Gaby Dunn on Changing Their Pronouns, Embracing Nonmonogamy, and Bi Visibility Day

Gaby had to set some clear boundaries, like getting rid of Twitter — a platform where they were often misgendered — and being honest about the fact that their gender journey is still evolving. “I see a lot of narratives that are like, ‘I have decided. Here I am. I’m this person and I’ve done it.’ And I think it’s more complicated than that,” they said. For Gaby, there might not ever be a final coming-out moment — and that’s OK. “You can have a label right now that could completely change again,” they said. “You don’t owe anybody anything. You don’t have to make any decisions right away. You can play with things. You can dress a little differently.”

Gaby also identifies as bisexual — another identity that doesn’t always get the recognition it deserves. When you’re in a relationship, Gaby said the fact that you’re bisexual disappears: if you’re with someone of the same gender, people assume you’re gay, and if you’re in a mixed-gender couple, people assume you’re straight. Even when you’re single, the same kind of thing can happen with friend groups. “I would love to see more bisexual people around each other and supporting each other and not feeling like they have to disappear into a straight group or a gay group, because I think that is still a huge reality of bisexuality,” they said.

That’s why Gaby said Bi Visibility Day is so important: it reframes bisexuality as something to be celebrated, not ignored.
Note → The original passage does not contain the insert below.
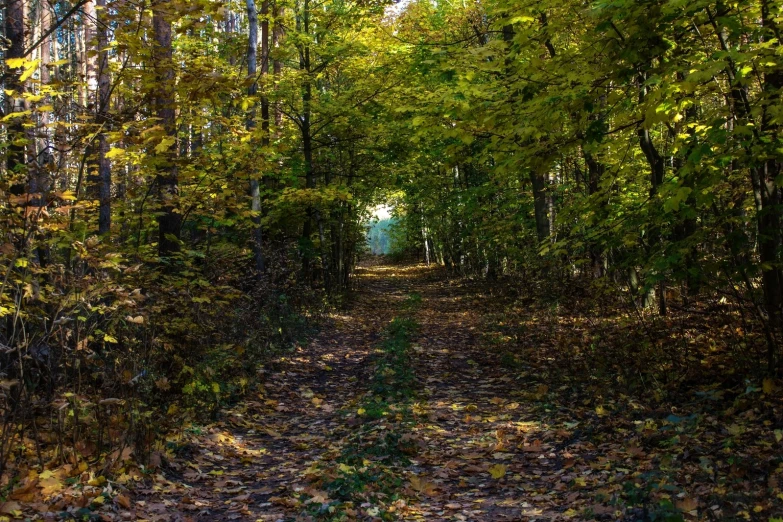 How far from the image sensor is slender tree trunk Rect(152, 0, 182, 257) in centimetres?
563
They also encouraged bisexual people to find their own community, since they’re the only people who truly understand the bisexual experience. “The other bisexual people I know, they’re in relationships that look different than mine, but there’s just an unspoken solidarity that I have found and lack of judgment,” Gaby said. “We talk a lot about getting respect from monosexual communities. Maybe the idea is that we should all be more open to each other, rather than just being like the token bi in a group of straights, or the token bi in a group of monosexual gay people.”

Gaby hopes that openness will extend to the concept of monogamy — or nonmonogamy, in their case. Gaby described their current relationship with musician Mal Blum as nonmonogamous, meaning they both occasionally date other people. Though people in monogamous relationships can often be quick to judge Gaby’s relationship, Gaby said it’s really not that different. Like all relationships, nonmonogamous ones require excellent communication — though in this case it’s about setting ground rules for dating other people and making sure both partners feel comfortable. “Every relationship is different,” Gaby said. “I dated someone who wanted to know everything and wanted to hear about everything and I’ve dated people who are like, ‘Don’t ask. Don’t tell.'”

They added, “I even think monogamous relationships have different levels of nonmonogamy to them.” Maybe you and your partner are OK with casually flirting with other people — maybe you’re not at all. Depending on where you fall on that spectrum, your relationship might be less monogamous than you think.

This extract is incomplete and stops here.